I was waiting for that one: “Actually, now that I’m out of American airspace, I am calling it football — and anyway, you English made up the word ‘soccer’!” Which is true.
He smiled again and asked who I’d be seeing. I told him Arsenal first, and he shook his head; this made me think he might be a Tottenham guy. But no: “Why does everybody want to see Arsenal,” he asked. “They’re hardly even an English team anymore.”
“Well,” I said, “I follow Fulham, and they were just sold to a Pakistani.” I was showing him I know something, you see.
“Yes, and Fulham have a statue of Michael Jackson at their ground.”
“Had a statue,” I corrected him. “And they used to have about half the US National Team playing for them. That’s why I chose them. Anyway, who’s your team?”
“QPR,” he said. And without missing a beat, I said, “Well, then I can’t talk to you anymore. But I’m afraid Fulham will be playing QPR again next year.” This was a reference to the fact that Fulham were about to be relegated to the Championship.

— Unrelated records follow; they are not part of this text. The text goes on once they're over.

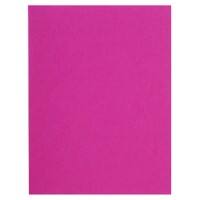 Exacompta Flash Farde à bord décalé A4 Fuchsia Manille 80 g/m² 1000 Unités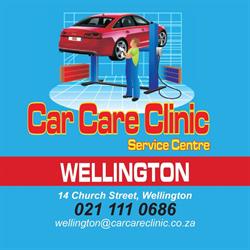 Car Care Clinic Wellington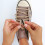 Shoelace Tip Repair Tool Set Plastic Shrink End Caps 78 4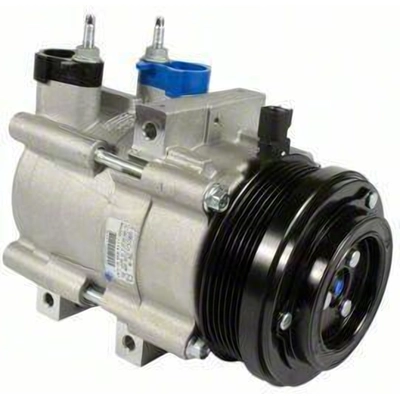 New Compressor by MOTORCRAFT - YCC395 pa13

He leaned back in his chair and said, “That’s a safe bet — and it’s nice to see Americans come through who actually follow the game.” He stamped my passport, handed it back and said with a smile, “Enjoy your stay — and worst of luck to your Cottagers!”
“And worst of luck to your Rangers!”
In that moment, my English soccer tour was on.
Now, if you’re reading this and wondering what it’s all about*, that’s why I’m writing this book! (Well, and I get to see a shit-ton of English soccer games) As the Premier League gets more and more popular in the US, I think more and more Americans (like me) will want to come over and see games. And they’ll want to know more than how to get tickets and what the hell offsides is about. They’ll want to know about the clubs, their history, their stadiums, their fans and songs and the pubs they go to before the games.
I am going to immerse myself into English soccer culture, attend a game at every Premier League ground, visit all the other league clubs around London, and produce the ultimate Americans’ guide to English soccer. Hell yes I am!
And now you’ve found my blog. Welcome!
*Quick summary: Fulham (who play in Craven Cottage and are called the Cottagers) and Queens Park Rangers are blood enemies; their stadiums are 3.1 miles apart in West London! At the time Fulham was in the Premier League and QPR a league below in The Championship. But Fulham was doing terribly and looked in trouble to get relegated for next year — in which case their ancient rivalry with the boys from Loftus Road will be back, twice a year. All of us in white hope that doesn’t happen! (UPDATE from 2017: It did.)